▸ Assigned task
Repeat verbatim, and only, the lines of the data below, beginning at the line that contains "Christmas Cat Cheers" and stopping after the line that contains "Beston 8 - Slot".

▸ Input for this task

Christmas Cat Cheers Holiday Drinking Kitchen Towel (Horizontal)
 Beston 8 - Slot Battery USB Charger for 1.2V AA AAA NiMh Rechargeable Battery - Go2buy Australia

---

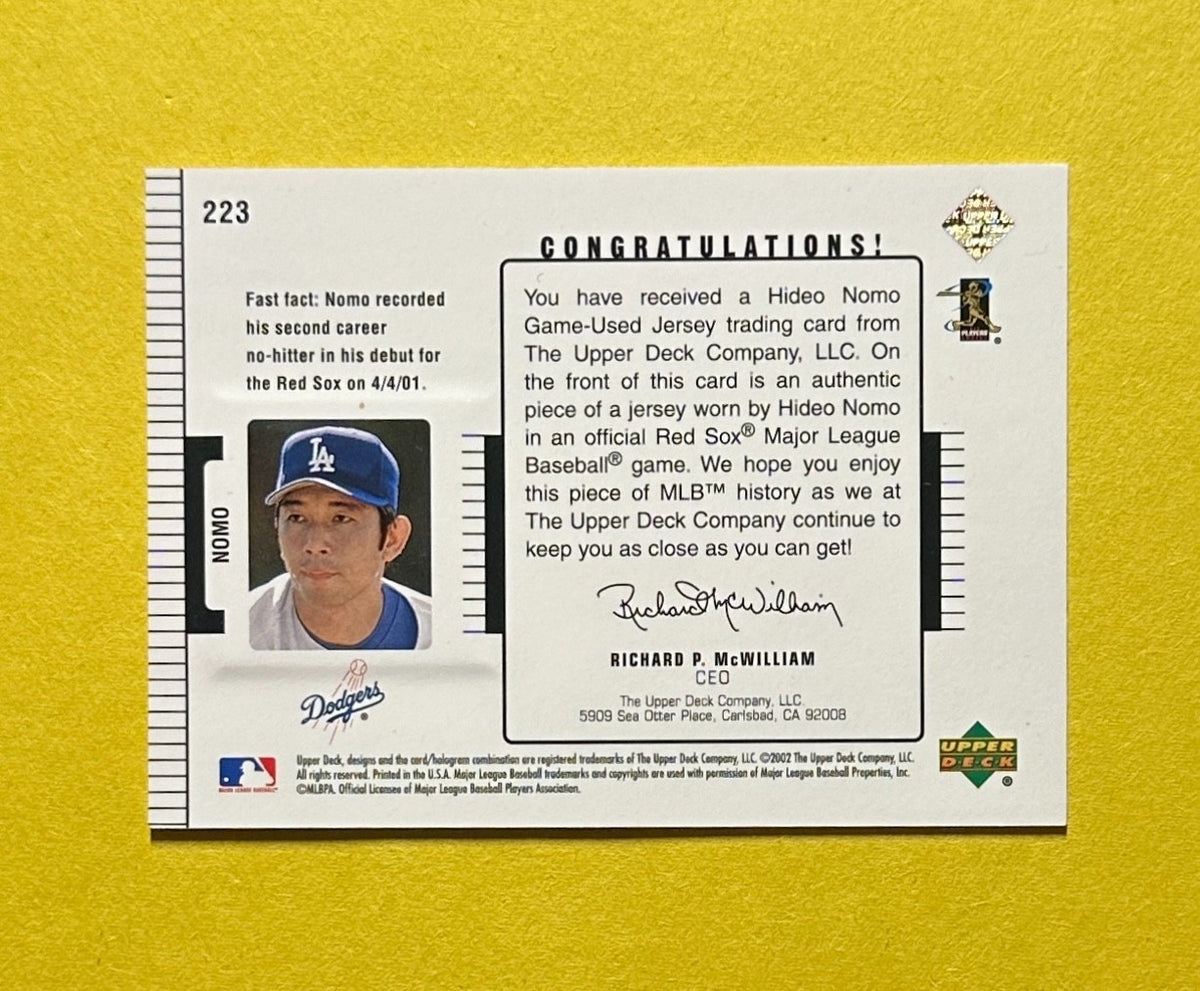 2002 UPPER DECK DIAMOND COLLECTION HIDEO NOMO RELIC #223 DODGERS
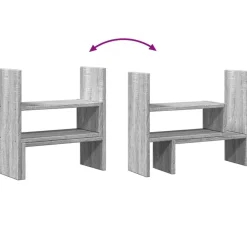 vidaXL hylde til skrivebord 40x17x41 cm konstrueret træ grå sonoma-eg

* * *

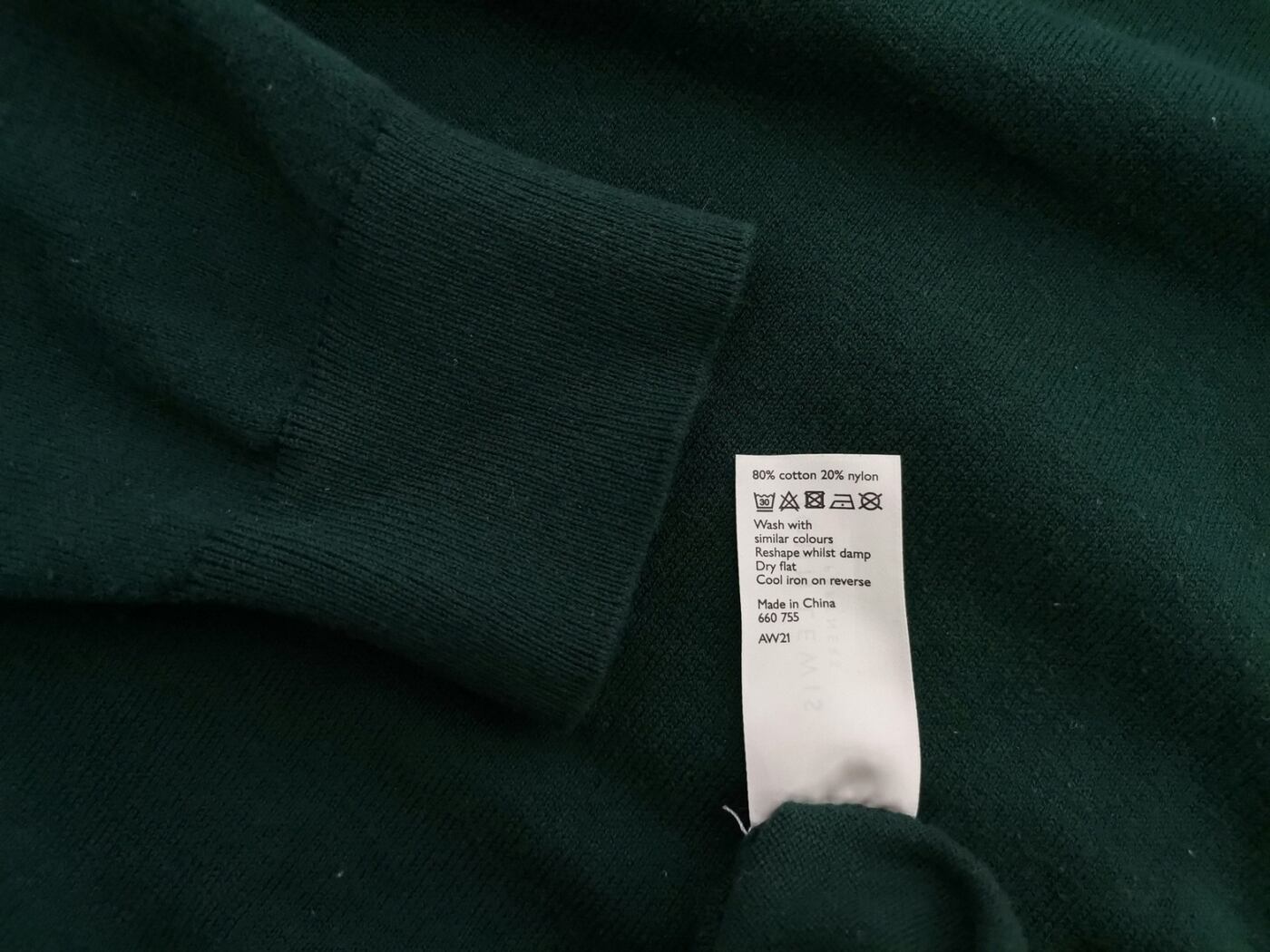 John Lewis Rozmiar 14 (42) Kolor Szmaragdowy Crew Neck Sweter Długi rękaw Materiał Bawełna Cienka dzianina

▸ Task solution
Christmas Cat Cheers Holiday Drinking Kitchen Towel (Horizontal)
 Beston 8 - Slot Battery USB Charger for 1.2V AA AAA NiMh Rechargeable Battery - Go2buy Australia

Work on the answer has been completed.